Like any deal with the devil, at the beginning you got stuff. A lot of stuff. All the things you ever wanted. That’s why people make deals with the devil in the first place.

What did I know? I was a child. Nobody told us what all the energy and resource use would cost. They just told us to recycle, and that seemed easy enough. We seemed to save the ozone layer by just changing fridges, saving the world couldn’t be that hard. Little did I know, I was born into the age of ‘fuck around’.My children are born in the age of and find out.’

Forget BC and AD. Time is now divided into FA and FO.

Now all of a sudden the supermarkets don’t work anymore. Unlike the open-air wet markets, you’re breathing trapped air with a respiratory disease around. It’s not safe anymore. I mean, it’s relatively safe if you’re wearing a KN95, but that’s not a fun day out with my unvaccinated kids.

And the illusion of plenty is shattered now. Sometimes you take an item off the shelf and it’s the last one. Sometimes there’s nothing on the shelf at all. Sometimes blood and bones explode out of nowhere, like when in a war in Ukraine makes bread hard to find in Lebanon. Cleanup on Aisle 5.

Apocalypse Now

And so here we are. I’d call it a cruel reckoning, but it’s really just regression to the mean. Literally every human to walk the Earth before my generation had some sense of their connection to it. They had to. It’s only my generation which wonders why everything isn’t shrink-wrapped and arriving on time. And so my kids will have to figure out their connection too. Even if it’s to an Earth that’s vastly, tragically, reduced.

So what apocalypse skills would I like to teach my children? Well, their Achchigrows food on the roof of their apartment, the children have started plucking and tending that. Their Appacha has been keeping chickens. We used to laugh at him, but now those are the eggs we eat, and the kids look for them every day. Lately eggs have gone missing. I guess there’s someone in the neighborhood hungrier than us.

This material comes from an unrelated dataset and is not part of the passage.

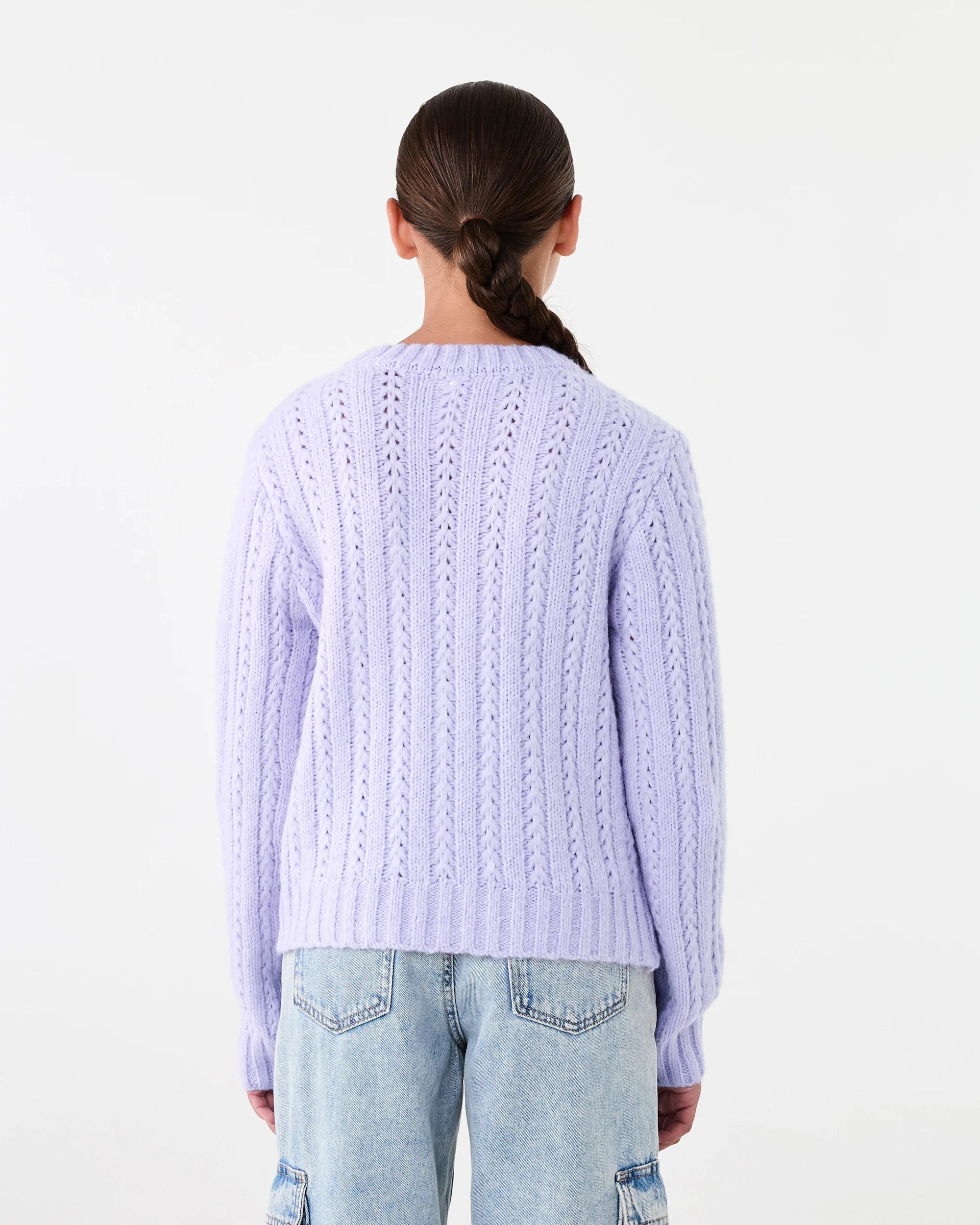 2 Cable Bear Crew Knit Sweatshirt Prple Bear, 2 of 7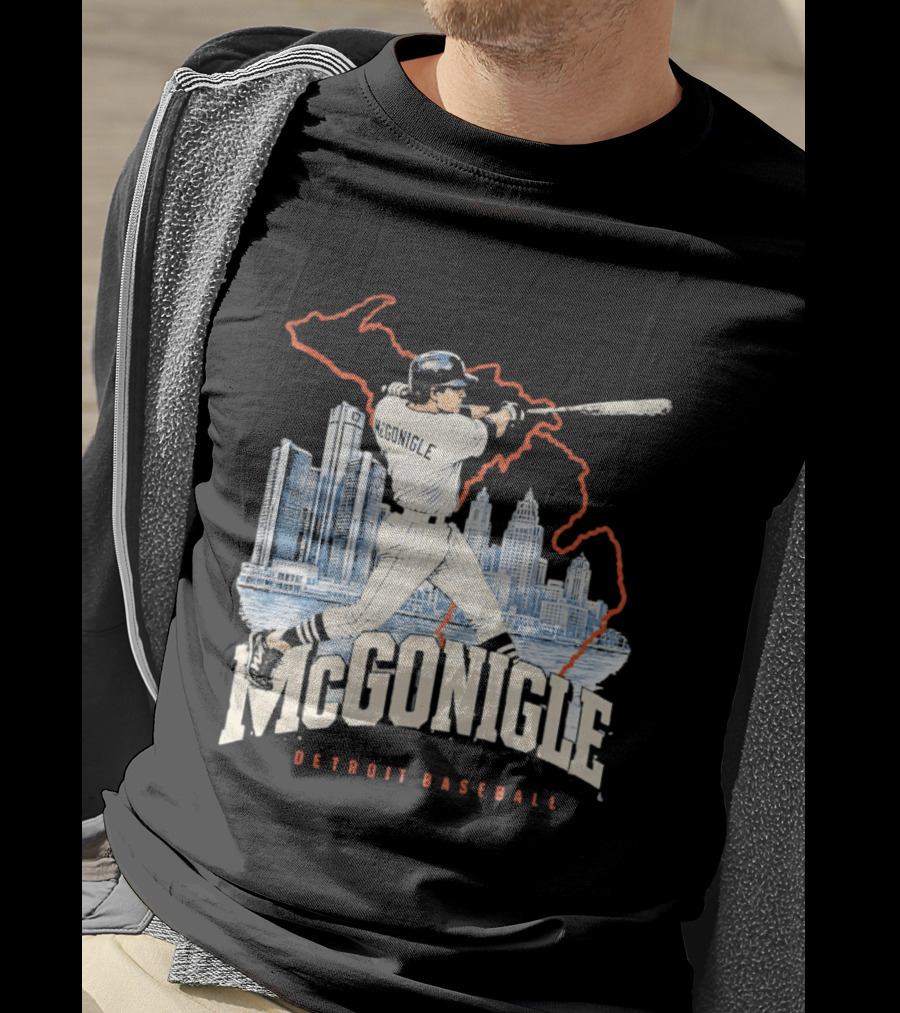 McGonigle Detroit Baseball Vintage Player Retro Skyline T-Shirt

There’s a lot of other things—food, water, power generation—stuff our country cousins do but we’ve forgotten. I mean that literally, our cousins in the country live on a farm and generate their own electricity. I used to wonder about their isolated lifestyle. Now I wonder how.

All of a sudden things are reversed. I guess we really did hit the end of history. We done fucked up and need to turn around. So I take my kids back through the supermarkets (covering their faces), back through the market (with free-market shortages), all the way back to the farm, the village, the places our family never quite left, and thank God.

This was supposed to be about apocalypse skills to teach my children, but what do I know? My main skills are filling out forms and filtering search results, and that’s not really relevant now. I’m starting from the same place as my own children, and I’m old and slow. So I guess it’s not about raising children anymore. We have to raise each other now.